Subject to the terms and conditions of the Indenture, the Company will make all payments and deliveries in respect of conversions, the Fundamental Change Repurchase Price on the Fundamental Change Repurchase Date (if applicable) and the principal amount on the Maturity Date, as the case may be, to the Holder who surrenders a Note to a Paying Agent to collect such payments in respect of the Note. The Company will pay cash amounts in money of the United States that at the time of payment is legal tender for payment of public and private debts.

The Indenture contains provisions permitting the Company and the Trustee in certain circumstances, without the consent of the Holders of the Notes, and in certain other circumstances, with the consent of the Holders of not less than a majority in aggregate principal amount of the Notes at the time outstanding, evidenced as in the Indenture provided, to execute supplemental indentures modifying the terms of the Indenture and the Notes as described therein. It is also provided in the Indenture that, subject to certain exceptions, the Holders of a majority in aggregate principal amount of the Notes at the time outstanding may on behalf of the Holders of all of the Notes waive any past Default or Event of Default under the Indenture and its consequences.

Each Holder shall have the right to receive payment or delivery, as the case may be, of (x) the principal (including the Fundamental Change Repurchase Price, if applicable) of, (y) accrued and unpaid interest, if any, on, and (z) the consideration due upon conversion of, this Note at the place, at the respective times, at the rate and in the lawful money, or shares of Common Stock, or through an increase of the principal amount of the outstanding Notes or the issuance of paid-in-kind Notes, as the case may be, herein prescribed.

 

A-5


The Notes are issuable in registered form without coupons in minimum denominations of $1.00 principal amount and integral multiples in excess thereof. At the office or agency of the Company referred to on the face hereof, and in the manner and subject to the limitations provided in the Indenture, Notes may be exchanged for a like aggregate principal amount of Notes of other authorized denominations, without payment of any service charge but, if required by the Company or Trustee, with payment of a sum sufficient to cover any transfer or similar tax that may be imposed in connection therewith as a result of the name of the Holder of the new Notes issued upon such exchange of Notes being different from the name of the Holder of the old Notes surrendered for such exchange.

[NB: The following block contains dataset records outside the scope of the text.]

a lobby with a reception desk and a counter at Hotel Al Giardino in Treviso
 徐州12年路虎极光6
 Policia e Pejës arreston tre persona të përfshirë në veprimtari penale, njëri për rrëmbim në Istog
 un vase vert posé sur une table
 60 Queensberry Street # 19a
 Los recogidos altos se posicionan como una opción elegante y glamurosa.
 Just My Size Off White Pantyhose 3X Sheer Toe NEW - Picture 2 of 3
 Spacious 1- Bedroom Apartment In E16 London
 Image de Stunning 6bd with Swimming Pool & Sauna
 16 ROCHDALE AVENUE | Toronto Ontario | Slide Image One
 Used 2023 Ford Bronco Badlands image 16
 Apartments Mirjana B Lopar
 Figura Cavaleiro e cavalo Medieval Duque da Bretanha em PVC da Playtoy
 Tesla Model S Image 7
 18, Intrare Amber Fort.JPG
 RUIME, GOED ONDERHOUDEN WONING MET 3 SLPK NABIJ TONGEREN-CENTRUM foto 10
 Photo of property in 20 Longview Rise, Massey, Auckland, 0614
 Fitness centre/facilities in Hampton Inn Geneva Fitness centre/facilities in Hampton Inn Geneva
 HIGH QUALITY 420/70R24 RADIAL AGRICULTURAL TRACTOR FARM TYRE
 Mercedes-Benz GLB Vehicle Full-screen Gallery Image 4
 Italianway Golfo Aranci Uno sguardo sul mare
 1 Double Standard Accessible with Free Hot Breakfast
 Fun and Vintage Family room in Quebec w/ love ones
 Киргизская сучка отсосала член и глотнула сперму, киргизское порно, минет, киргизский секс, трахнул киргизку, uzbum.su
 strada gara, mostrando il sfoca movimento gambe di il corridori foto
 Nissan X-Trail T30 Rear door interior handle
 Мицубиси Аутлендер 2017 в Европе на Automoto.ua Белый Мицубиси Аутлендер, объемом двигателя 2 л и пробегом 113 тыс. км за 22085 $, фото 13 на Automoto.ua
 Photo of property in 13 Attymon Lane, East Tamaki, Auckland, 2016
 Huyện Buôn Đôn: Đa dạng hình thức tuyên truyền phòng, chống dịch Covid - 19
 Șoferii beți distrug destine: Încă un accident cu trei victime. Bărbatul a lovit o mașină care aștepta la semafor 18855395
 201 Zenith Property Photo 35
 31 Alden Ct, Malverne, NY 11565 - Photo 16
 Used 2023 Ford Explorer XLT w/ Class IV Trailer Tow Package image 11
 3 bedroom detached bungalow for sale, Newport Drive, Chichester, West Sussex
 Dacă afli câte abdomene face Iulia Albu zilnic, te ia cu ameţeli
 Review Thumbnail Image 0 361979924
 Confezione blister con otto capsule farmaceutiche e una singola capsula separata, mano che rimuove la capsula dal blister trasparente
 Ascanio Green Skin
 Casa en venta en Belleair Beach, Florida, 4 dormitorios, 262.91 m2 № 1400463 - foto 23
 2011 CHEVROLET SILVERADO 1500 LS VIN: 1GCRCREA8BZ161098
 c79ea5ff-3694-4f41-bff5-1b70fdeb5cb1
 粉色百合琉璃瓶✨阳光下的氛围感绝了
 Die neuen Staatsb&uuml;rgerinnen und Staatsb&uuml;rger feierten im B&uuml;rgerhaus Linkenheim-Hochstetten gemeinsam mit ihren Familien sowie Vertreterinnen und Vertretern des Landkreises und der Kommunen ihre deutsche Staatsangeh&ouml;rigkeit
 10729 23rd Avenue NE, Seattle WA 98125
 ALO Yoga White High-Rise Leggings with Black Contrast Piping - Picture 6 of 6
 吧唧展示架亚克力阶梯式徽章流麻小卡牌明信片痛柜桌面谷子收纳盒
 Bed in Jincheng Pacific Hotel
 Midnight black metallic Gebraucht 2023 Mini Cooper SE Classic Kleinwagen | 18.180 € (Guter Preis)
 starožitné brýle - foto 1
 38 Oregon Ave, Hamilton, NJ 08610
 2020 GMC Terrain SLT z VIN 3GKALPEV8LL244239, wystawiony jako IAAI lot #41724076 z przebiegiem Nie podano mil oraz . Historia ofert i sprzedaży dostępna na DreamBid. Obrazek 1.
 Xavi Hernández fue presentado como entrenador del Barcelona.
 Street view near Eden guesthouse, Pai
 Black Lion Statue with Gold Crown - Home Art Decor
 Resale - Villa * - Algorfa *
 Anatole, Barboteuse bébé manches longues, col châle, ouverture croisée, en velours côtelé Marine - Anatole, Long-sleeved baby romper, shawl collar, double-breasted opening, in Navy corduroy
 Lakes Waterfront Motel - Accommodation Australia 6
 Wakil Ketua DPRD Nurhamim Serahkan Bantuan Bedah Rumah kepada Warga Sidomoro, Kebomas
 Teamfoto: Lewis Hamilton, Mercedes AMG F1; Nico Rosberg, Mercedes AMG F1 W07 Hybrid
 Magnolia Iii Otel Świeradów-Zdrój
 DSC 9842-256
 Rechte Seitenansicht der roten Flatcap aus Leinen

Upon the occurrence of a Fundamental Change, the Holder has the right, at such Holder’s option, to require the Company to repurchase for cash all of such Holder’s Notes or any portion thereof (in principal amounts of $1.00 or integral multiples thereof) on the Fundamental Change Repurchase Date at a price equal to the Fundamental Change Repurchase Price.

Subject to the provisions of the Indenture, the Holder hereof has the right, at its option, during certain periods and upon the occurrence of certain conditions specified in the Indenture, prior to the close of business on the Business Day immediately preceding the Maturity Date, to convert any Notes or portion thereof that is $1.00 or an integral multiple thereof, into cash, shares of Common Stock or a combination of cash and shares of Common Stock, at the Company’s election, at the Applicable Conversion Rate specified in the Indenture, as adjusted from time to time as provided in the Indenture.

 

A-6


ABBREVIATIONS

The following abbreviations, when used in the inscription of the face of this Note, shall be construed as though they were written out in full according to applicable laws or regulations:

TEN COM = as tenants in common

UNIF GIFT MIN ACT = Uniform Gifts to Minors Act

CUST = Custodian

TEN ENT = as tenants by the entireties

JT TEN = joint tenants with right of survivorship and not as tenants in common

Additional abbreviations may also be used though not in the above list.